What you’ll gain by doing nothing (and it’s all good!)
Anything is better than nothing. We tell ourselves this constantly. When it comes to making progress. When it comes to our workouts. When it comes to writing. When it comes to planning. We tell ourselves to just. do. something.
I extol the advice on the regular to do something, anything, no matter how small, in an effort to find direction. Anything is better than nothing. Nothing does simply that…nothing.
Or does it?
Something that took me a long time to figure out is the life-giving power of stillness. There’s an indescribable magic that shows up when we sit in an open and removed space – when we step away from busy, when we choose not to distract, when we stay, when we’re still. It seems like nothing, but often it can be everything. Stillness gives you perspective that movement never could. And both are needed – the stillness needed in order to see, and the movement to get to what you’re seeing.

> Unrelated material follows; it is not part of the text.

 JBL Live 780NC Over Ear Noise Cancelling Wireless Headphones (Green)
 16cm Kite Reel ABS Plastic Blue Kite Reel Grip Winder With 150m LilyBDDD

Here’s what stillness looks like: a few days of no plans. A night alone. A day unscheduled. Time spent with no one but yourself. Hours in your head. A long bath without anyone around. A week saying no to everything other than your immediate family. Exploring the city without your phone. Even a trip, solo. Eating lunch alone in your car with the radio blaring on your break.
Stillness looks like whatever you need it to to feel still. But we don’t often let that happen. We fill it with all the things, all the people, all the work, all the activities. We need this stillness because where there is nothing, there is everything. But instead we use our lack of busy-ness to tell ourselves that if we are doing nothing, then we are nothing. Which could not be further from the truth.
Rather, stillness teaches us. It teaches us to know ourselves beyond the things that we do and the identities we take on. It teaches us the magic that shows up in going slower. It teaches us that when the distractions fall off, we can see, really see, the pure love and purpose we possess without having to achieve a single thing. In stillness we can find clarity, because finally the energy of our experiences will settle, revealing the perspective only made possible by slowing it all down.
Turn the dial back on your pace. You can slow down time by slowing down. And when you do, when you get still, you’ll realize that the faster hustle doesn’t mean more joy, more success, or more to achieve. It just means more movement and less presence. Find a way to find stillness, and don’t judge it when you do.